Macromedia Dreamweaver MX 2004
The uptake of CSS and general Web standards has been pitifully slow, a fact that is almost entirely down to the poor support in the popular Web page editors. The relatively few designers, who do care about such things, usually have to resort to hand coding.
Hopefully, that's all about to change.
Macromedia Dreamweaver MX 2004 still has the same familiar interface but it has two very significant changes from the previous version.
Firstly, it now works in CSS by default. If you want to design using tables, you still can but you have to make a change in the preferences. If you try to find a way to use the old <font face> tag, you have to dig for it. At long last, CSS is right up front.
The previous Dreamweaver MX supported CSS-P to a degree but editing it wasn't always easy. Certainly on my Mac, selecting text was a hit and miss affair with the characters and selection rarely in sync. Macromedia were obviously aware of Dreamweaver's rendering problems and for the new version, have borrowed upon Opera's rendering engine to do some of the hard work and it's now several magnitudes better. The latest version of Opera comes with the program, although the Mac version (6.03) is still some way behind the Windows 7.2.
Other new features in MX 2004 include secure FTP transfer, Microsoft Word and Excel copy and paste and on-the-fly cross-browser compatibility checking. You can also do simple image editing like cropping and tonal adjustments without leaving the program. Those are useful additions but it's the CSS editing that I'll concentrate upon here because that's what I've been looking forward to for a very long time.

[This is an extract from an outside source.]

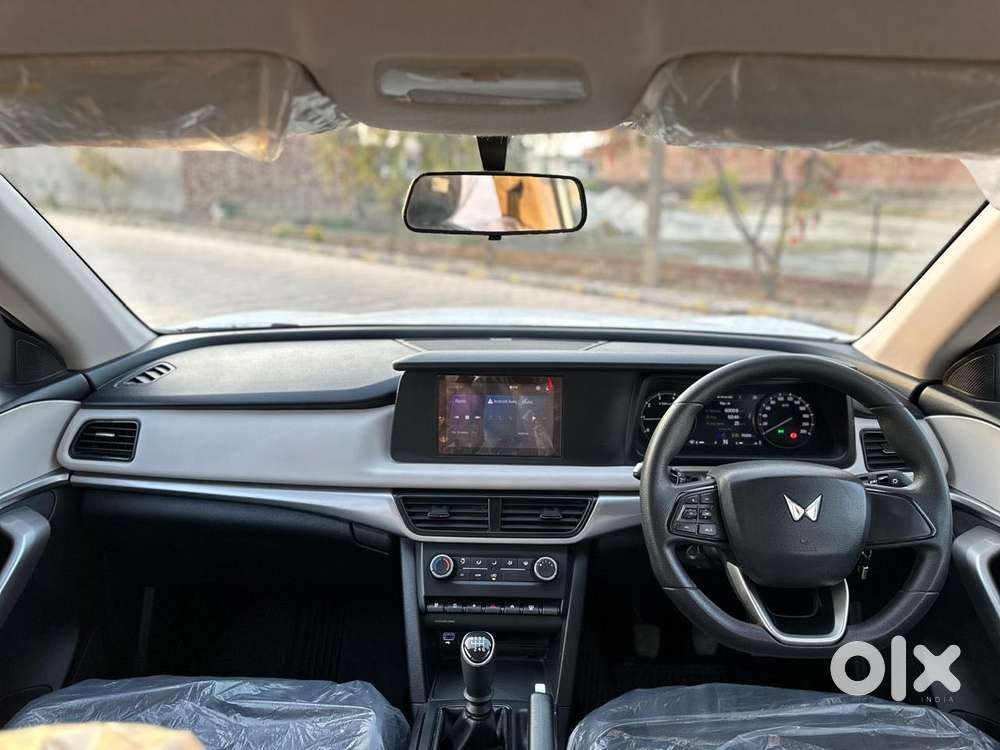 Mahindra Xuv700 2.2 Mx Diesel Mt 5 Str, 2022, Diesel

The first thing I did was to open some previously produced pages, including last month's editorial, and tricky ones from the FunWithFonts site. I expected the editorial page to look much the same as it does in Opera. It didn't. But then the current versions of Opera on Mac and Windows don't agree what it should look like either! Anyway, although not totally accurate, it was editable and all the divs highlighted with red outlines as I moused over them. Nice. The more challenging test pages from FunWithFonts.com also displayed well and were easy to edit.
So far, so good.
Next, I thought that I'd try to build a new CSS layout from scratch. In the Layout 'Insert' bar, there are buttons to add layers, divs and tables to the page. What more could you want?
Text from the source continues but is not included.